» **WORK INSTRUCTIONS**
An exact copy is required of every line from the one with "Audi Q7 4L Tuyau" through the end of the data below, and the pictures must stay out of it.

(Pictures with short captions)
__________
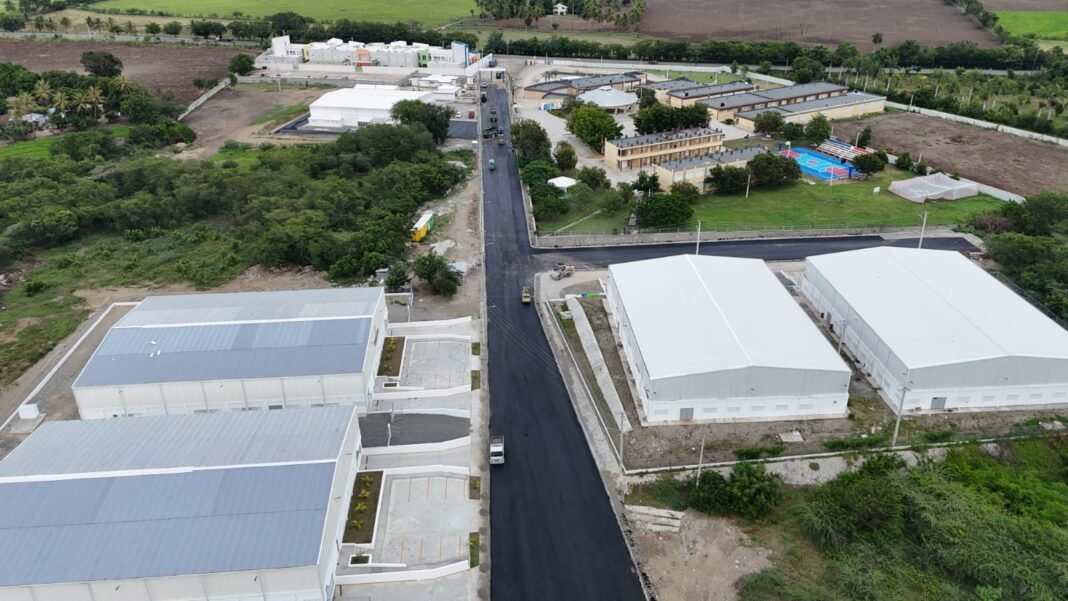 Director de Proindustria supervisa avances de trabajos de remozamiento en la Zona Franca de San Juan Director de Proindustria supervisa avances de trabajos de remozamiento en la Zona Franca de San Juan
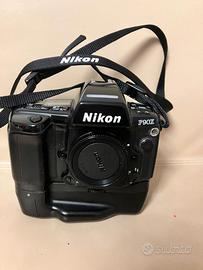 Nikon F90X corpo macchina reflex  + MB-10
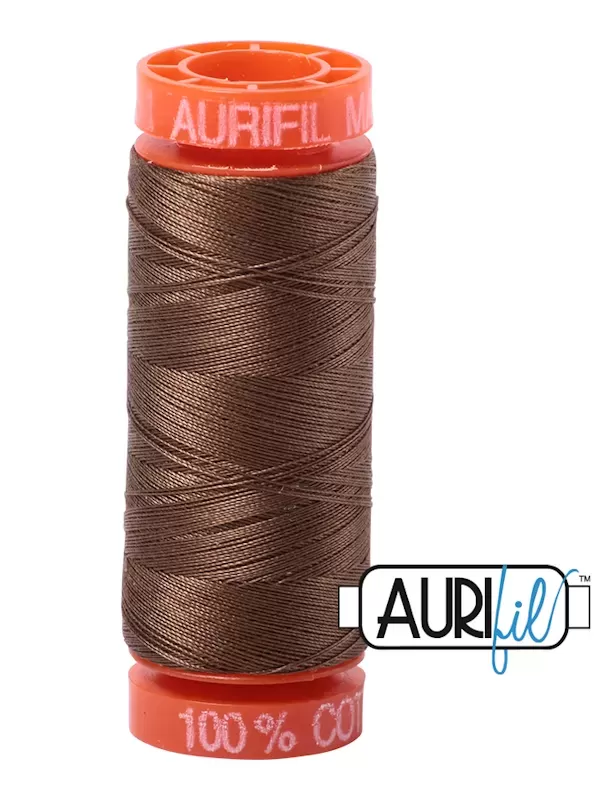 FIL COTON MAKO 50 AURIFIL 1318 Dark Sandstone - Petite bobine de 200 mètres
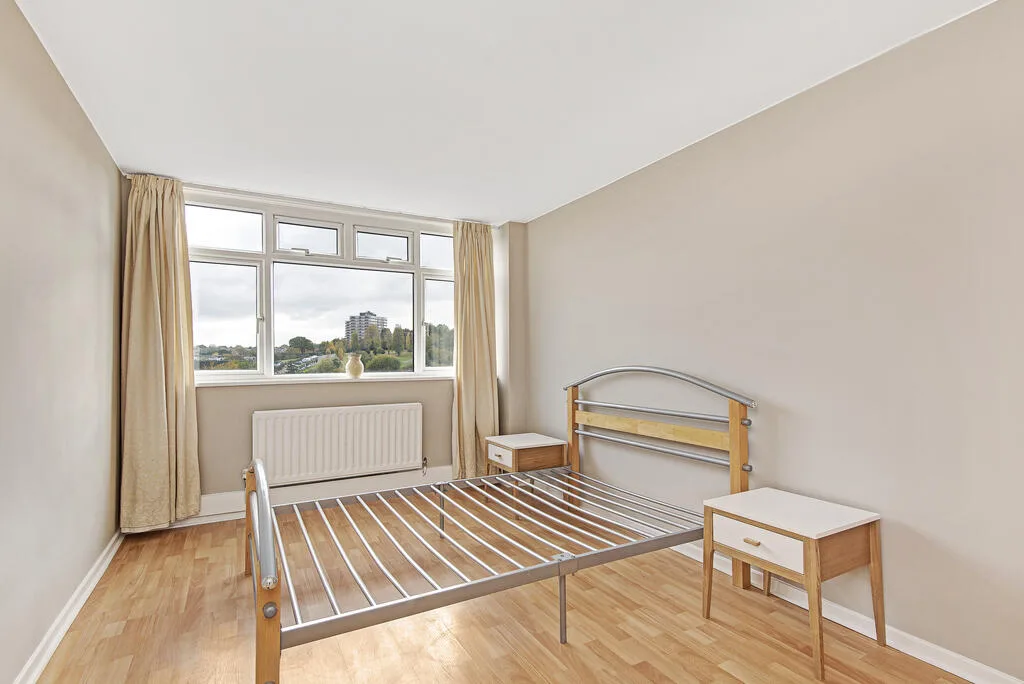 2 bedroom maisonette for rent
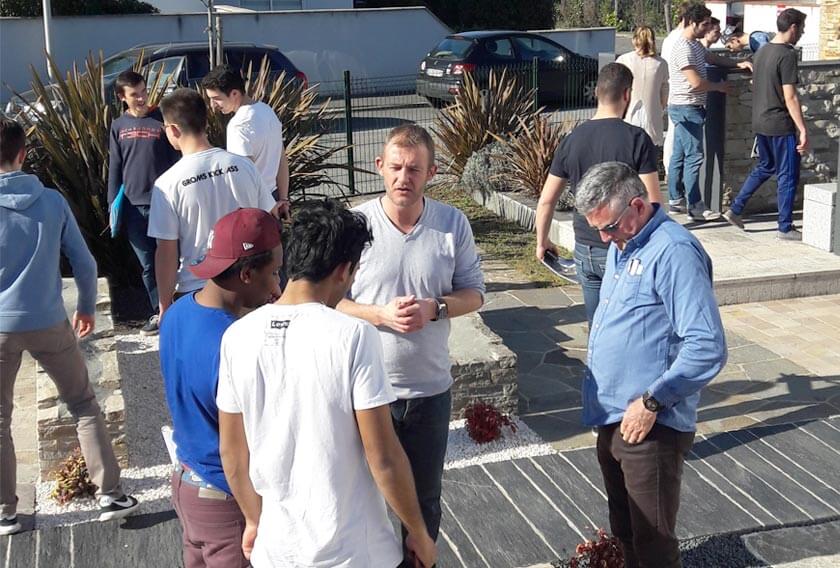 Les étudiants d'aménagement paysager chez CUPA STONE Pau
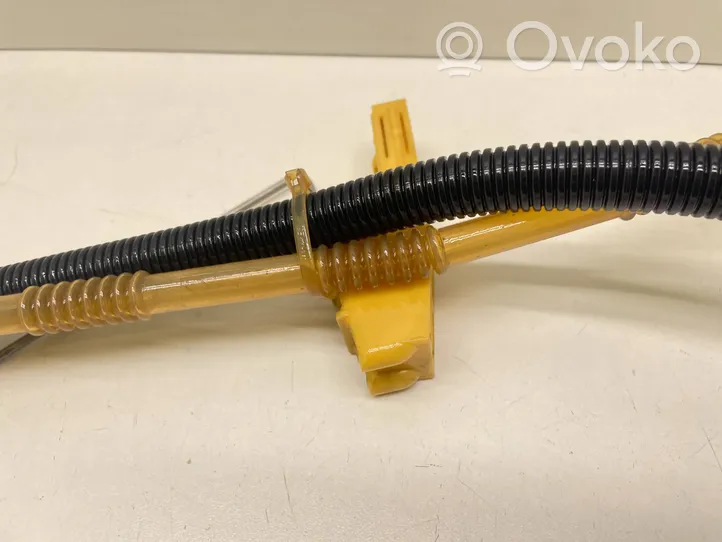 Audi Q7 4L Tuyau d'alimentation conduite de carburant 7L6919715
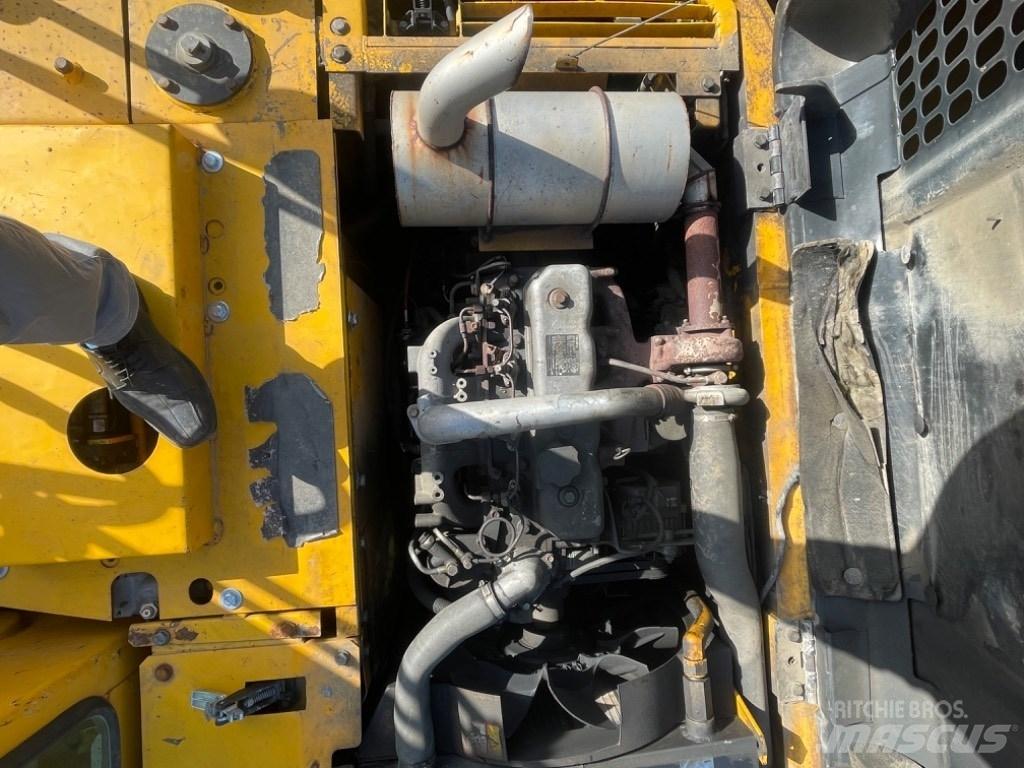 JCB JS 145 W Ekskavatori uz riteņiem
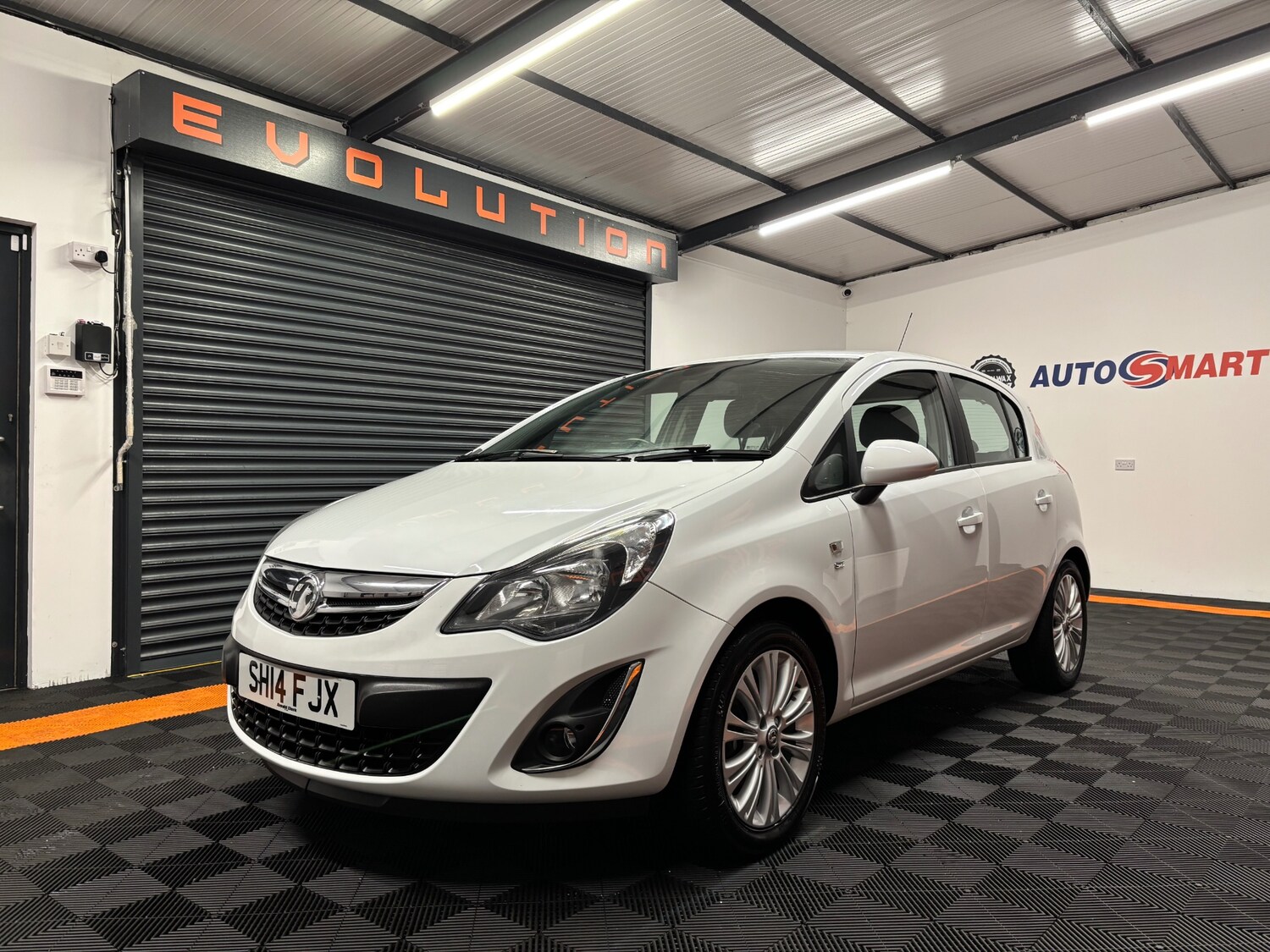 Used Vauxhall Corsa 2014 for sale - 77482626: Photo 10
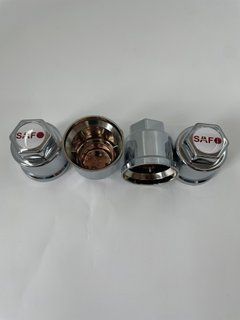 Nasadka na nakrętkę koła 32 mm plastikowa chromowana do SAF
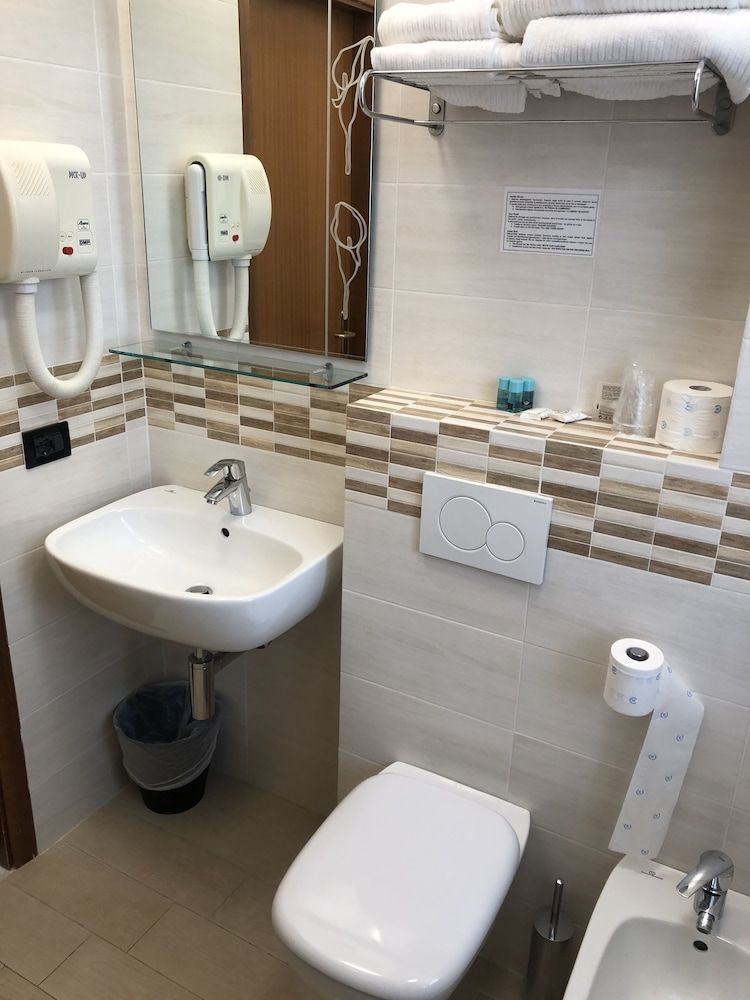 Hotel Di Stefano Standard Double Room 6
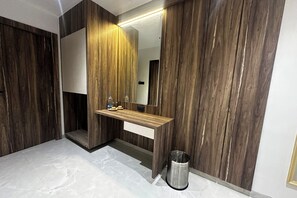 Desk, free WiFi, bed sheets - Hotel Kushala Grand, Dombivali (Ambernath)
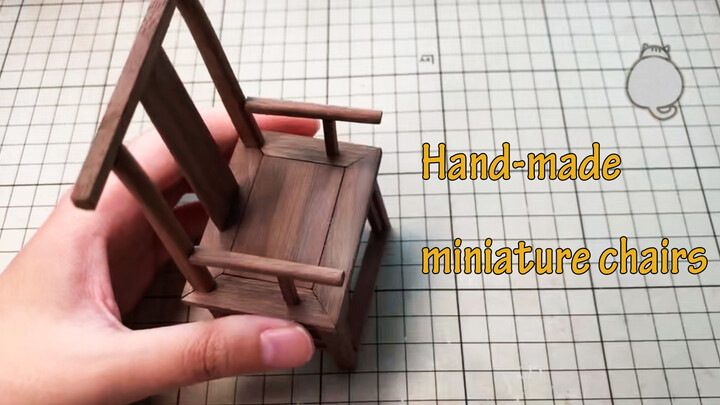 Miniatur Kursi Kayu dengan Engsel Tenon dan Mortise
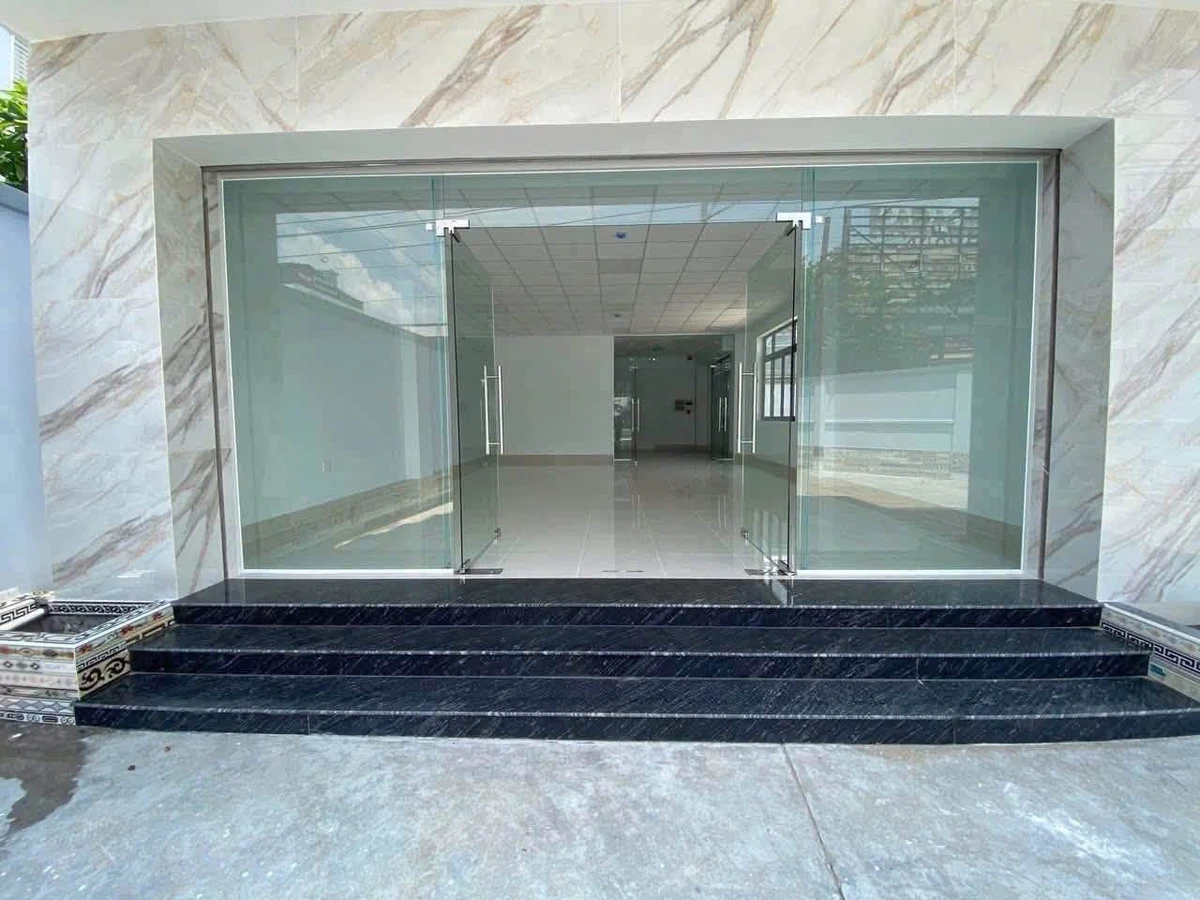 Cho thuê toà nhà mặt tiền Đại lộ Bình Dương 620m2 160tr/tháng - Ảnh thu nhỏ 3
__________
» **SOLUTION FOR THIS EXERCISE**
 Audi Q7 4L Tuyau d'alimentation conduite de carburant 7L6919715
 JCB JS 145 W Ekskavatori uz riteņiem
 Used Vauxhall Corsa 2014 for sale - 77482626: Photo 10
 Nasadka na nakrętkę koła 32 mm plastikowa chromowana do SAF
 Hotel Di Stefano Standard Double Room 6
 Desk, free WiFi, bed sheets - Hotel Kushala Grand, Dombivali (Ambernath)
 Miniatur Kursi Kayu dengan Engsel Tenon dan Mortise
 Cho thuê toà nhà mặt tiền Đại lộ Bình Dương 620m2 160tr/tháng - Ảnh thu nhỏ 3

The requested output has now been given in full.